*** Data provided ***

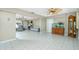 Spacious living room with neutral tile flooring, ceiling fans, and an aquarium for a cozy atmosphere at 2550 Ivanhoe St, Port Charlotte, FL 33952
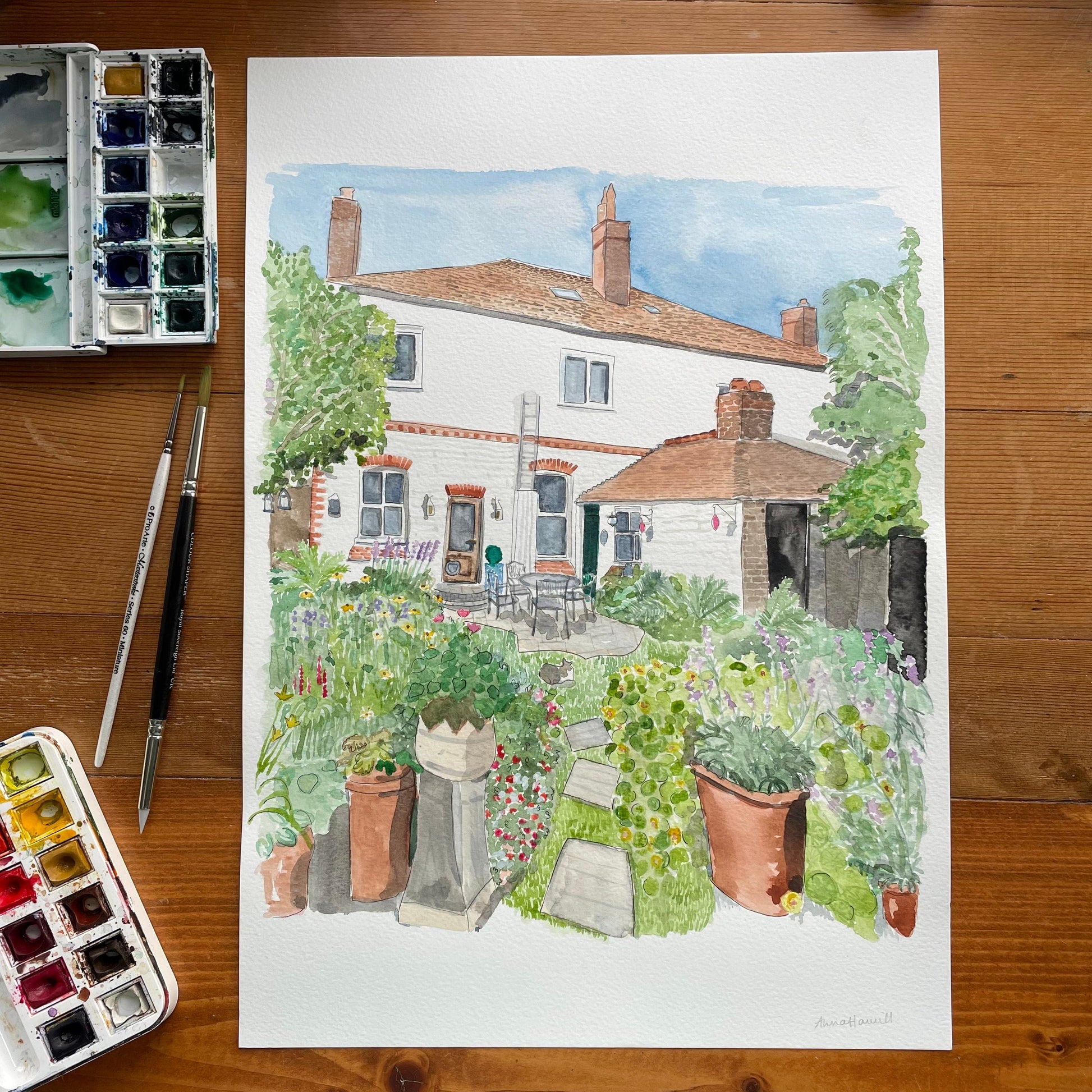 Commissioned watercolour house portrait including back garden and colourful flowers for birthday gift.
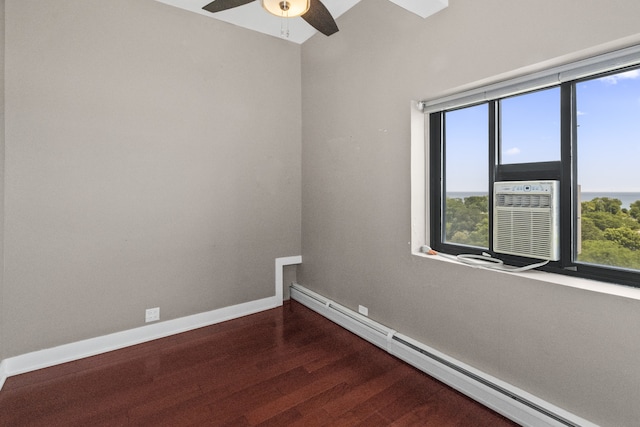 5048 N Marine Dr Unit A9, Chicago, IL 60640 - empty room featuring a baseboard heating unit, wood finished floors, a ceiling fan, and cooling unit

*** End of Data provided ***

Using the material above, restate word for word the lines from the line that has "Commissioned watercolour house" to the last line, inclusive, with pictures omitted.

> _Solution to this problem_
 Commissioned watercolour house portrait including back garden and colourful flowers for birthday gift.
 5048 N Marine Dr Unit A9, Chicago, IL 60640 - empty room featuring a baseboard heating unit, wood finished floors, a ceiling fan, and cooling unit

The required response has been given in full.